HC Deb 26 November 2001 vol 375 c697W
Mr. Bercow

To ask the Parliamentary Secretary, Lord Chancellor's Department what assessment he has made of the costs to public funds of(a) criminal damage and (b) embezzlement of public funds and investigations thereof in the latest year for which figures are available. [15245]

Mr. Denham

I have been asked to reply.

The most recent Home Office estimate of the economic and social cost of crime was published in a report in December 2000, "The economic and social cost of crime" (Home Office Research Study 217). This includes estimates of the costs to public funds of crime, as well as estimates of the costs to victims of crime. All figures mentioned here relate to costs in the 1999–2000 financial year.

The study estimates that criminal damage, both to private and public property, had a cost to public funds of £360 million in 1999–2000.

Home Office figures for fraud are based on the legislative definition of fraud; this includes all fraud and does not separate frauds committed against the public sector from other types of fraud.
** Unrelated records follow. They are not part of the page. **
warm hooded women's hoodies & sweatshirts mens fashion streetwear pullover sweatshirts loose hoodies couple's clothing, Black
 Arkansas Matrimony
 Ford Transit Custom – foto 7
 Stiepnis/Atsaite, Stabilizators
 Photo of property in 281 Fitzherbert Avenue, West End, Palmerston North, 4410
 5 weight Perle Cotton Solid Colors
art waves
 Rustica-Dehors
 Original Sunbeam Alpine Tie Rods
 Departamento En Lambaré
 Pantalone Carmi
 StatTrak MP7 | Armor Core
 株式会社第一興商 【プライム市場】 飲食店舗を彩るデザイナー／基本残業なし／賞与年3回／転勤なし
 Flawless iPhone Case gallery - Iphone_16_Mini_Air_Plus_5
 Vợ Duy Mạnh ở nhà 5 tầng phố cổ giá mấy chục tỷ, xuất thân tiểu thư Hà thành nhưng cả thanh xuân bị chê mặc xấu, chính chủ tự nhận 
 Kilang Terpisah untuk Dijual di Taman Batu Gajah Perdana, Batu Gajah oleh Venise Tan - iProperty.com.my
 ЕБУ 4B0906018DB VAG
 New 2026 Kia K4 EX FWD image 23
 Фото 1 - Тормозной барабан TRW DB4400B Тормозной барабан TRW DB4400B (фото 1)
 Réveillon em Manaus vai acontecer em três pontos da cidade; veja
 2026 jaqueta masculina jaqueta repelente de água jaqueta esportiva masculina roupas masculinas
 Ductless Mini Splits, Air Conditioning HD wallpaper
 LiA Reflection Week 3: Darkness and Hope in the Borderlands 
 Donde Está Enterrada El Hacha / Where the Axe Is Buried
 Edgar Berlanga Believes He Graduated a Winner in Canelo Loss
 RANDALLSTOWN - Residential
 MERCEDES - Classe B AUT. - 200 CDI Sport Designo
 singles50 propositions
However, a Home office commissioned study carried out by National Economic Research Associates (NERA) estimated that the cost of fraud committed against Government and the amount of public funds engaged in counter-fraud activity to be between £4 and £9 billion. These costs include the estimated value of fraud as well as expenditure on counter-fraud activity, but excluded Criminal Justice System (CJS) costs.

Estimated cost to public funds of public embezzlement
£ million
Low estimate High estimate
Benefits Fraud 2,600 5,600
Civil Service employee fraud 2 2
Customs and Excise + VAT fraud 900 2,500
Local authorities 10 10
NHS fraud 7 150
Inland Revenue 50 400
Total Public Sector Fraud 4,000 9,000

Notes:

1. Totals may not sum due to rounding of figures.

2. Figures exclude any costs to the criminal justice system.